Instead, she issued a written statement: “For over 30 years, Wentworth Rehabilitation and Health Care Center has provided long-term care services to the Englewood community. We have always been and remain committed to resident care and safety.

“The Centers for Medicare and Medicaid Services has rated Wentworth’s quality of resident care with 4 out of 5 stars, which is an above average rating,” the statement said. “Wentworth will continue to make resident care and services its first priority.”

When asked to specify what the four-star rating referred to, Wolpoff did not respond.

The Centers for Medicare & Medicaid Services gives Wentworth an overall one-star rating but four out of five stars for a subset score called “Quality Measures.” These are measures based on data that to a large degree are self-reported by the nursing homes, such as the percentage of residents in moderate to severe pain.

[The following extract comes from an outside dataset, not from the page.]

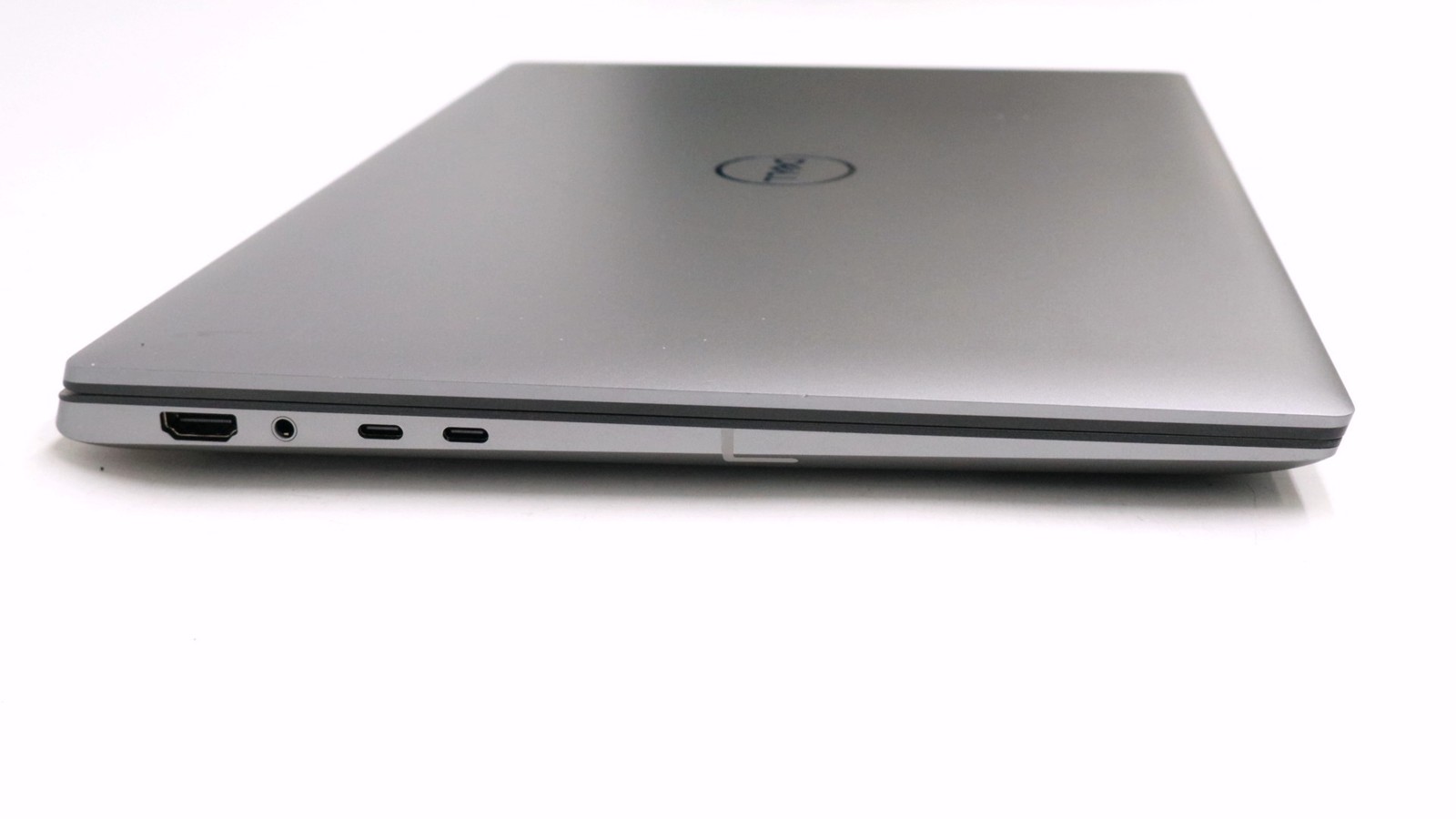 Dell Precision 5690 16″ Ultra 7 165H 32GB 512GB – Excellent READ DESC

Meltzer said self-reported data cannot be trusted as there is a disincentive for nursing homes to report problems. She said it is highly misleading for Wentworth to claim a four-star rating.

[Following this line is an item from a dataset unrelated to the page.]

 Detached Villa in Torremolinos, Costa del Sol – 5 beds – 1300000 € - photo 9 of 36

“It’s very sad because somebody might actually believe it,” Meltzer said.

The federal agency did not directly comment when asked whether Wentworth had accurately described its rating.

Read more Chicago Tribune investigations »

But the agency emphasized that the centerpiece of the star rating system is the health inspection score, which is based on “comprehensive onsite inspections conducted by independent, objective inspectors.” The agency gives Wentworth one star for inspections.

Meanwhile, numerous lawsuits have been filed against Wentworth in recent years, online court records show.

In a 2014 suit, Mary Mims alleges that her daughter, Letasha, who had mental disabilities, lived at Wentworth for about two years and suffered numerous injuries, including bedsores, bruises, bug bites and gangrenous feet. She also experienced poor hygienic and dental care; rodent feces in her linens; and improper nutrition that caused her to lose 60 pounds, the suit states.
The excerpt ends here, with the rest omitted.